Baxter's lawyer, Steve Cullen, said he had been dealing with traffic matters for over 30 years and sentencing was always difficult.
He said there were a number of mitigating facts including pleading guilty as early as possible and taking part in three restorative justice conferences with the families.
"He knows he made the error and he takes responsibility for it
"He wants to do what he can to make amends.
Mr Cullen said Baxter had stopped drinking immediately, had stopped driving, and was undergoing counseling.
In summing up Judge Jonathan Down said the court was in an unenviable position.
"This is one of those cases that is tragic and creates in everyone's mind involved in such a case feelings of being torn between one option and another.
"Wanting justice on the one hand and mercy on the other"
He said he accepted the mitigating factors including Baxter's age, remorse, and lack of previous record.
"The harm is enormous and you have acknowledged that in so many ways."
"It is tempting in a case such as this to simply look at you, to place all of the blame fairly and squarely on your shoulders, and to ignore the reality of what happened on that night."
However he said everyone was responsible for their actions and those on the back of the ute had wanted to be there.
"I can say what your counsel cannot say. I can say what you do not say because of your humility, your deep and enduring remorse and your willingness to accept total and full responsibility.
"This was a group of young people carried away in excitement doing something they thought would be enormous fun but in reality was incredibly dangerous"
Judge Down said while Robbie's father was struggling with something "almost impossible to bare as a father" his mother had taken a different approach and appeared to have come to terms with things easier.
He wiped a tear from his eye as he read aloud parts of her statement in which she asked him to be lenient.
"I do not want prison life to be part of Regan's narrative," he read.
He read that she was thankful for the restorative justice meetings with Baxter and as a parent wanted to lessen any more harm.
"I saw a teenage in crisis, traumatised but remorseful."
He said no sentence he could impose would further instill a sense of responsibility or acknowledgment of what had happened.

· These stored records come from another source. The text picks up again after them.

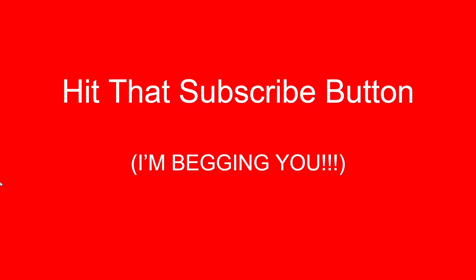Anyway, thanks for watching, and be sure to hit that subscribe button for more totally legit documentaries.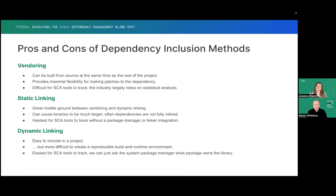The pros and cons of these dependency inclusion methods really vary by project and even by dependency. A lot of the time C and C++ projects will use all three in some mixture, because some are better for some dependencies than others. Vendoring — you can build it from source at the same time, which provides maximal flexibility. A big con is that it's kind of difficult for SCA tools to track, essentially since we have no package manifest and these are just files that are part of your project tree, with no obvious way to rope them off as a dependency.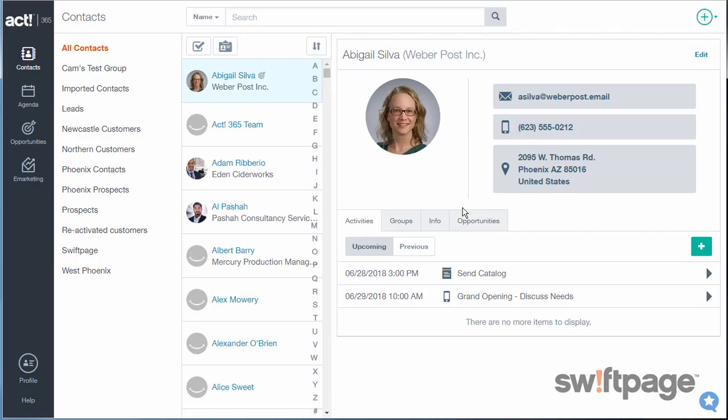Act365 helps you get organized quickly by managing your contacts, your activities, and your time. This is a typical contact record in Act365, and you can stay connected by sending emails to your contacts wherever you are, from any device. You can even place a phone call on your smartphone from the contact record.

"I am satisfied also that as Mr Cullen advocates it is extremely unlikely you would ever come back to the court having committed an offence of this type in the future."
"There is in my judgment no further benefit that can be gained by sending you to prison
He said a prison sentence on a young man could have "devastating impacts" and would be "cruel" in this case.
"This is an incident that will live with you for the rest of your life."
Baxter stood, head bowed as it had been for the entirety of the hearing, as Judge Down sentenced him to one year home detention, 200 hours community work and a two year driving ban.
Tony Cederwall declined to comment outside court.
However the lawyer Regan Baxter, Steve Cullen, read a statement from his family.
"We wish to extend our most deepest sympathy to the Cederwall family and to all the families involved in this terrible tragedy. We sincerly hope that young people in the wider community may think before they act and learn from our son's mistakes which has cost everyone involved. On that night many families were broken and there is no way to fix this. We are truly grateful for all the love and support extended to use from family, friends and our community."